As Worldcom execs take the fifth and both Congress and the Dubya administration prep for damage control (for the latter, in a Wall Street speech tomorrow,) White House strategists look desperately for a way to avoid being hoisted by their own petard. Says Dubya of his Vice-President, who’s in deep with the Halliburton scandal: “There are good actors and there are bad actors; he’s one of the good guys.” May work for terrorists, George…doesn’t work so well for executive profiteers.

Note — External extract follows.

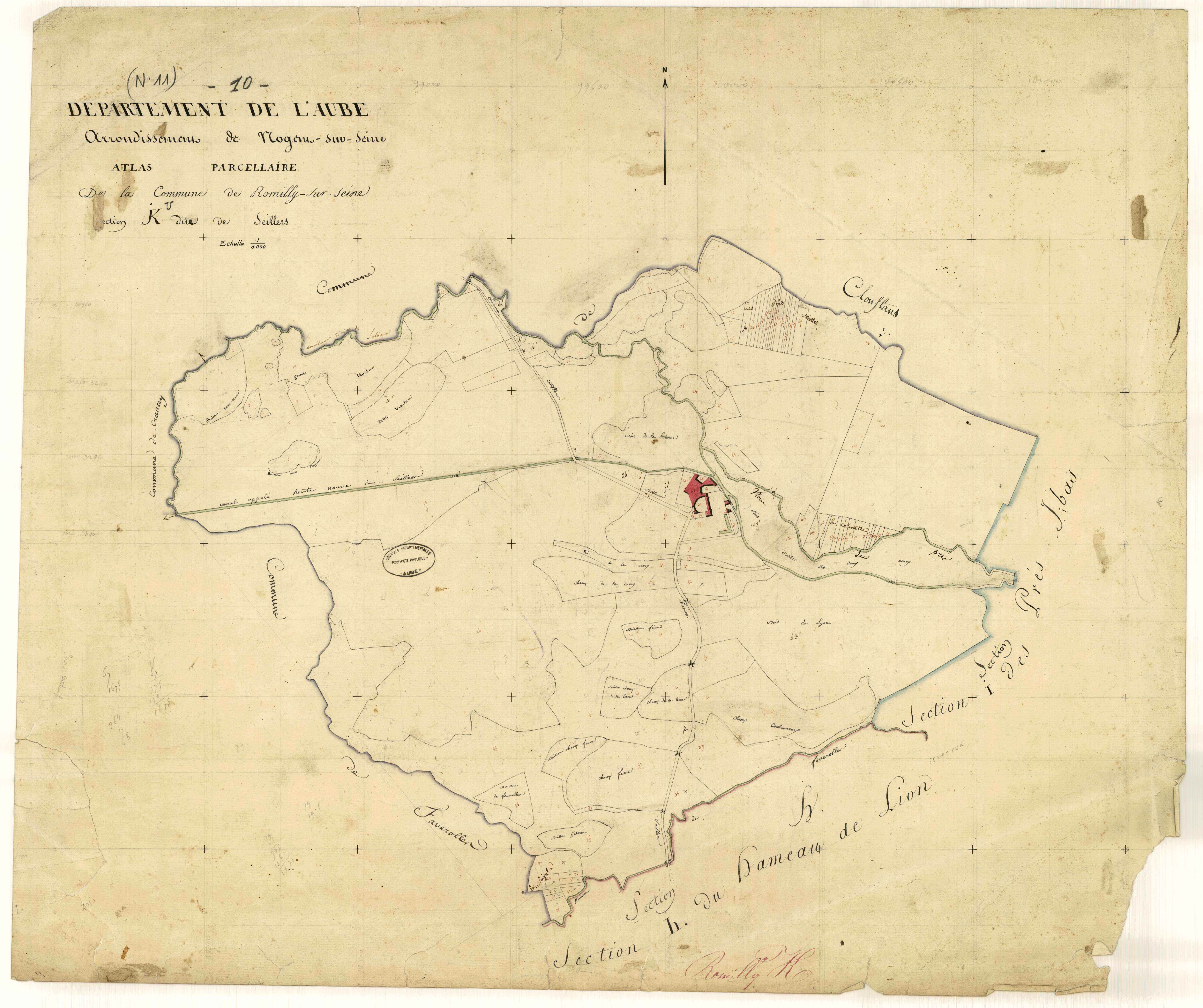 Romilly-sur-Seine, section K dite de Seillers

Category: GOP Culture of Corruption
Corporate Finance Reform.
Meanwhile, John McCain weighs in on the corporate scandals and calls for the resignation of SEC Chairman (Dubya flunky) Robert Pitt. (Via the swankily redesigned Medley.)
Hitting .333.
Frank Rich weighs in with another discerning op-ed on Enrongate, in which he notes that the Bush administration has significant ties to FIVE of the companies currently under scrutiny – Enron, Halliburton, Andersen, KMPG and Merrill Lynch (which is why, of course, Dubya keeps talking about WorldCom.)
Grand Moff Harken.
Just as the Bush White House tries to sidestep the corporate scandals, Dubya changes his story about a Martha Stewart-esque stock dump he made as director of Harken Energy Corporation in 1990, two months before the shares went sour.
Returning Fire.
Frustrated by the FEC gutting of campaign finance reform last week, John McCain promises to hold up FEC appointments in the Senate until a more reform-sympathetic panel is appointed. Turns out Dubya’s kept a ringer on the panel a year beyond his term, Democrat Karl Sandstrom, expressly for the purpose of stifling reform. (He appointed a new Republican to the FEC in March.) Hmmm…why am I picturing Karl Rove and Mitch McConnell in a smoke-filled room?
Truckin’.
Republican candidates for the South Carolina governorship try to outredneck each other. Only in Carolina would a candidate brag that he “stood up against the NAACP when no one else would.” Unbelievable.
The Washington Ten.
Speaking of which, if you can’t beat ’em, blacklist ’em. The GOP attempts to filter out Democrats from the lobbyist pool.
Lobbyists Strike Back.
The “feeding frenzy is over,” according to Phil Gramm, and corporate lobbyists are breathing a sigh of relief. The impetus stalls for post-Enron corporate reform in Congress.